_Your goal_
Each entry is to be retyped without alteration, and no picture is to be included.

_Data to examine_
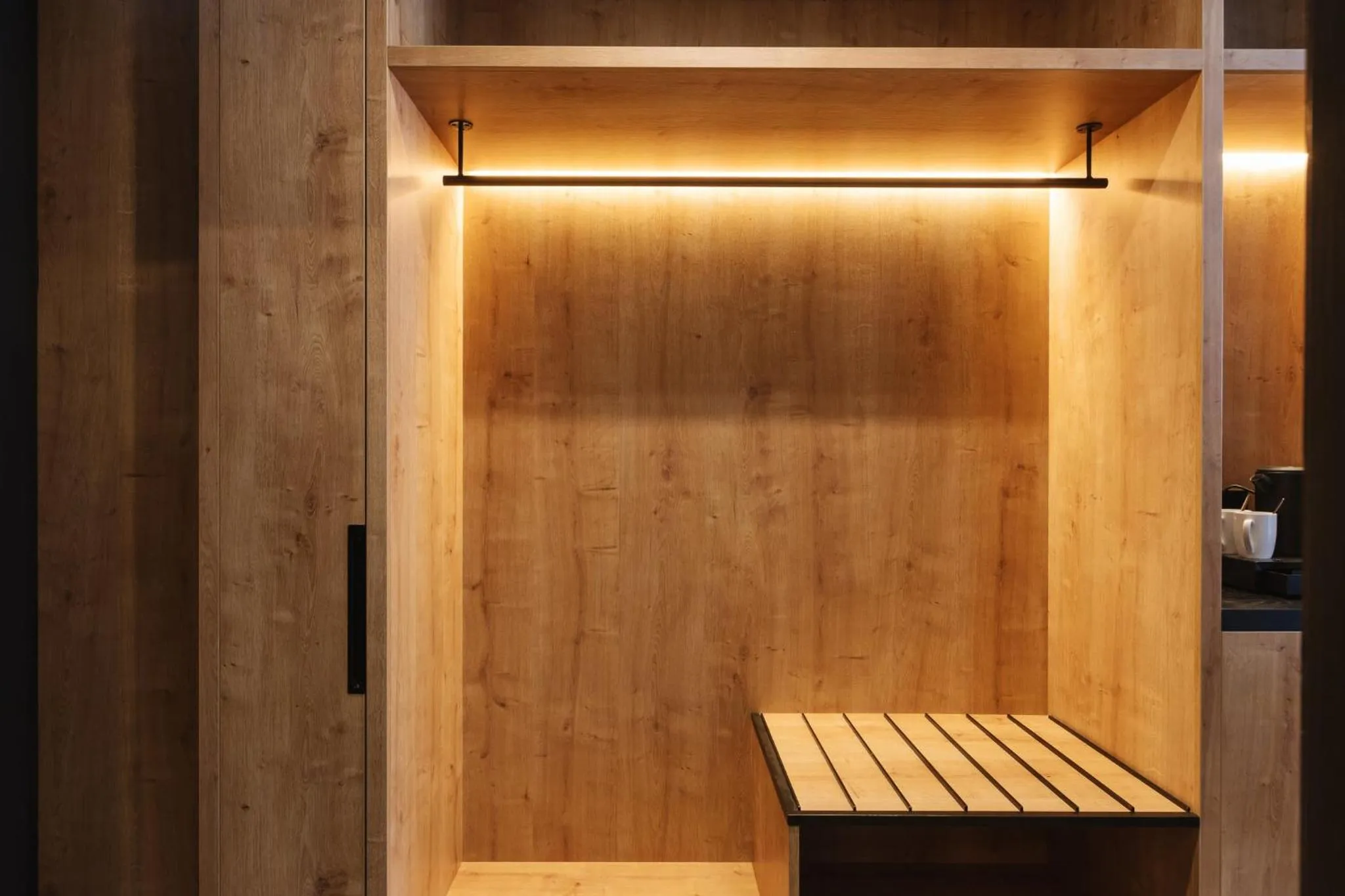 Photo of the whole room in voco Belfast by IHG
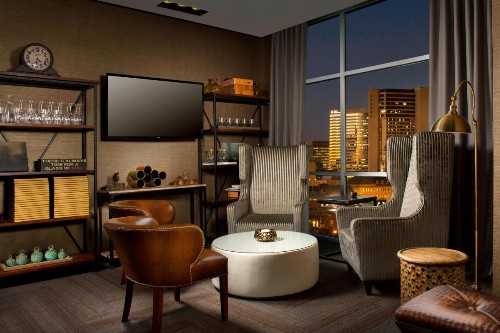 Fairfield Inn and Suites by Marriott Nashville Downtown/The Gulch - image 30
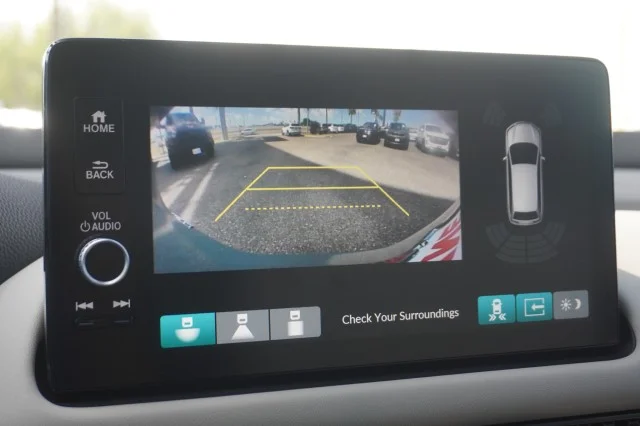 Used 2025  Honda EX-L image 27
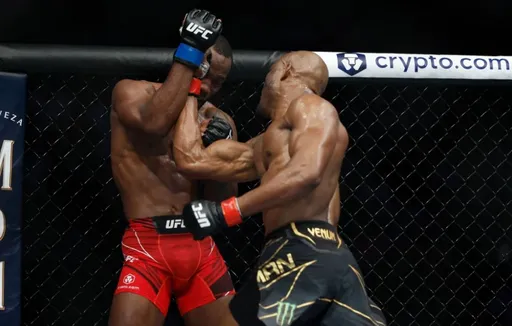 Хабиб объяснил поражение Усмана на UFC 278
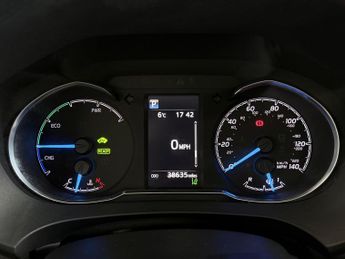 Toyota Yaris 1.5 VVT-h Icon E-CVT Euro 6 (s/s) 5dr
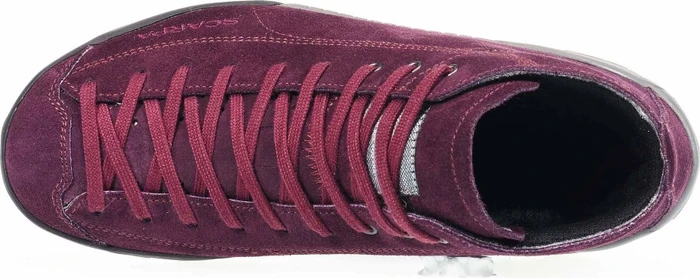 Scarpa Mojito City Mid Wool GTX temeraire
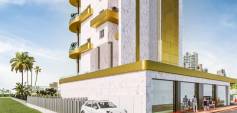 Nouvelle construction - Apartment - Calpe - Costa Blanca North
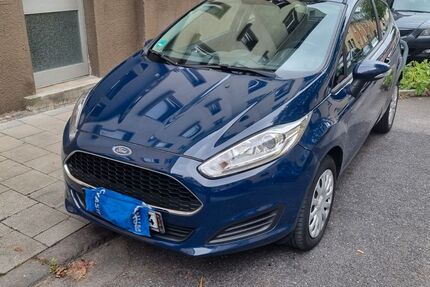 Ford Fiesta 95.000 km 4.999 € Remscheid 42857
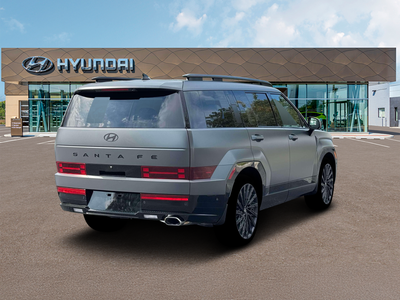 2026 Hyundai Santa Fe Calligraphy FWD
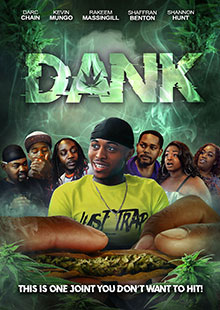 Movie Poster for Dank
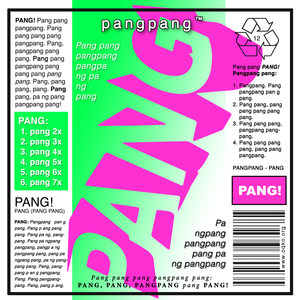PANG PANG PANG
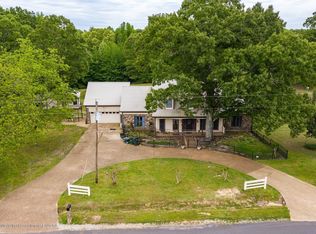 466 Wildwood Rd, Holly Springs, MS 38635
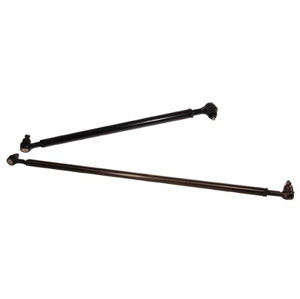 Fat Bob's Garage, Rugged Ridge, Part #18050.81, Jeep CJ7/CJ8 HD Tie Rod Ford Drag Link Kit 1982-1986 MAIN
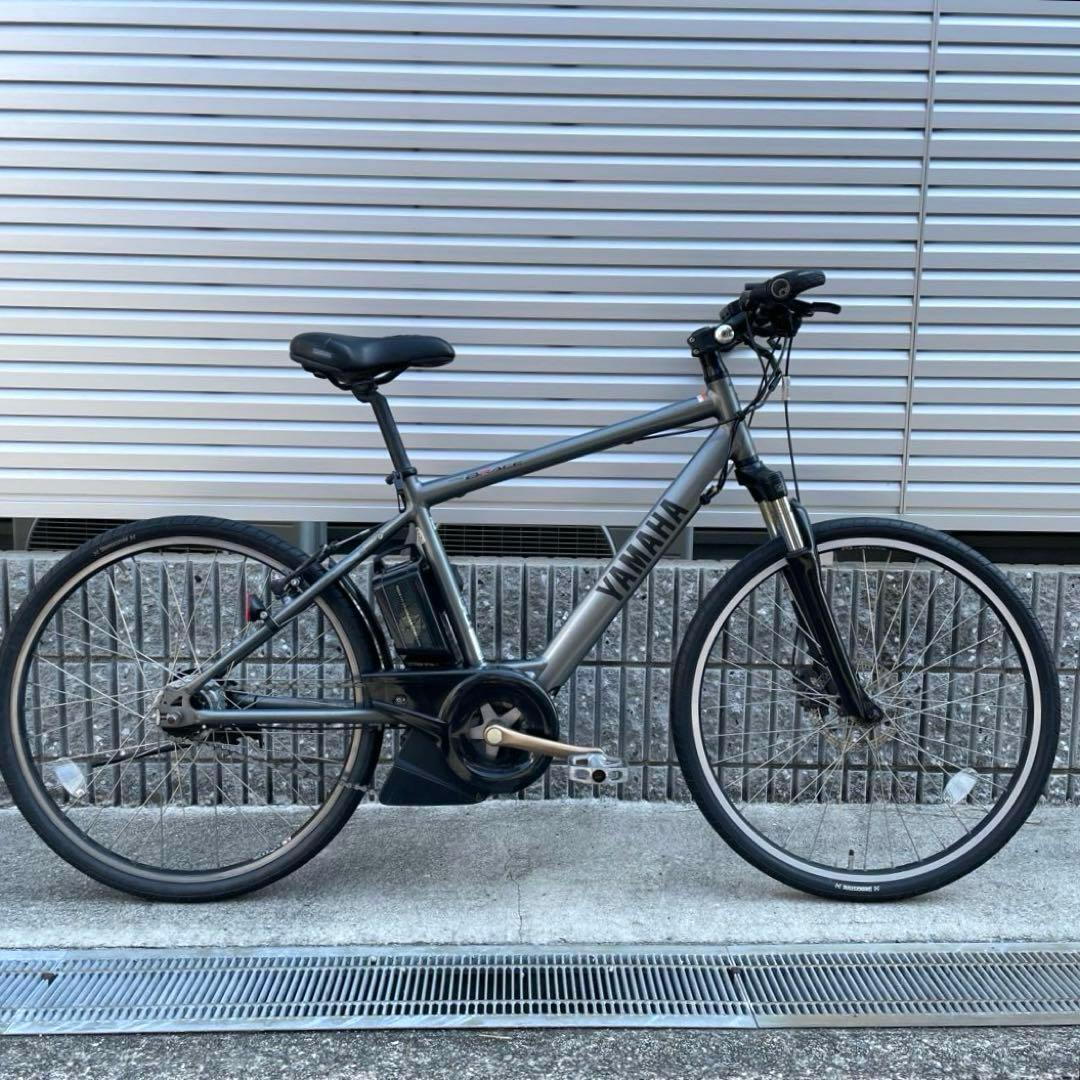 ヤマハ電動アシスト自転車PAS Brace XL26インチ ガンメタ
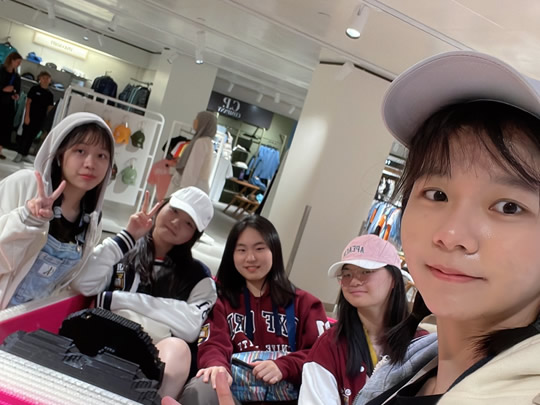 許貽婷-遊學心得分享 許貽婷-遊學心得分享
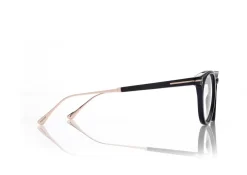 ROUND HORN & TITANIUM OPTICALS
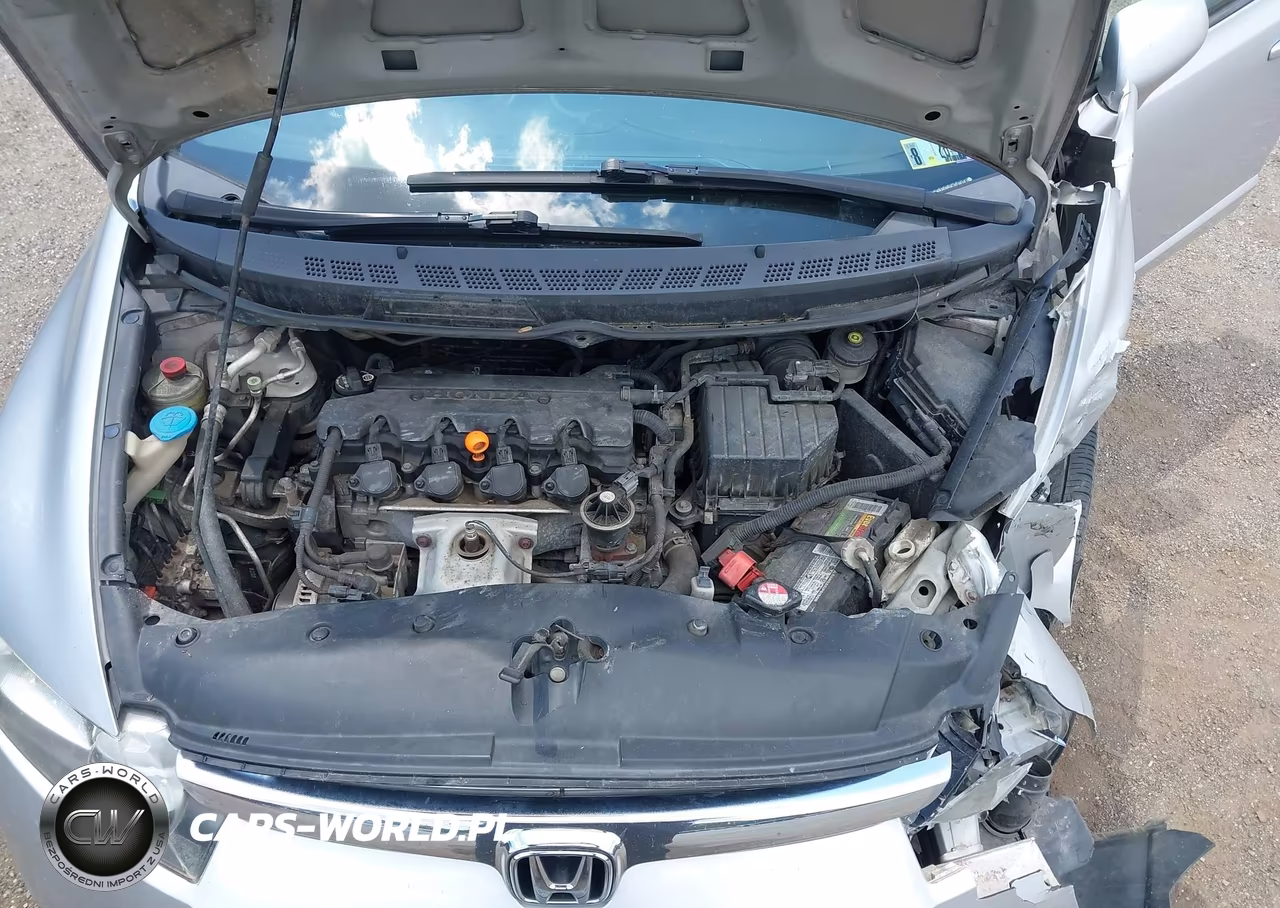 2006 Honda Civic Lx VIN:1HGFA16546L151013 - 17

_Reply_
 Photo of the whole room in voco Belfast by IHG
 Fairfield Inn and Suites by Marriott Nashville Downtown/The Gulch - image 30
 Used 2025  Honda EX-L image 27
 Хабиб объяснил поражение Усмана на UFC 278
 Toyota Yaris 1.5 VVT-h Icon E-CVT Euro 6 (s/s) 5dr
 Scarpa Mojito City Mid Wool GTX temeraire
 Nouvelle construction - Apartment - Calpe - Costa Blanca North
 Ford Fiesta 95.000 km 4.999 € Remscheid 42857
 2026 Hyundai Santa Fe Calligraphy FWD
 Movie Poster for Dank
PANG PANG PANG
 466 Wildwood Rd, Holly Springs, MS 38635
 Fat Bob's Garage, Rugged Ridge, Part #18050.81, Jeep CJ7/CJ8 HD Tie Rod Ford Drag Link Kit 1982-1986 MAIN
 ヤマハ電動アシスト自転車PAS Brace XL26インチ ガンメタ
 許貽婷-遊學心得分享 許貽婷-遊學心得分享
 ROUND HORN & TITANIUM OPTICALS
 2006 Honda Civic Lx VIN:1HGFA16546L151013 - 17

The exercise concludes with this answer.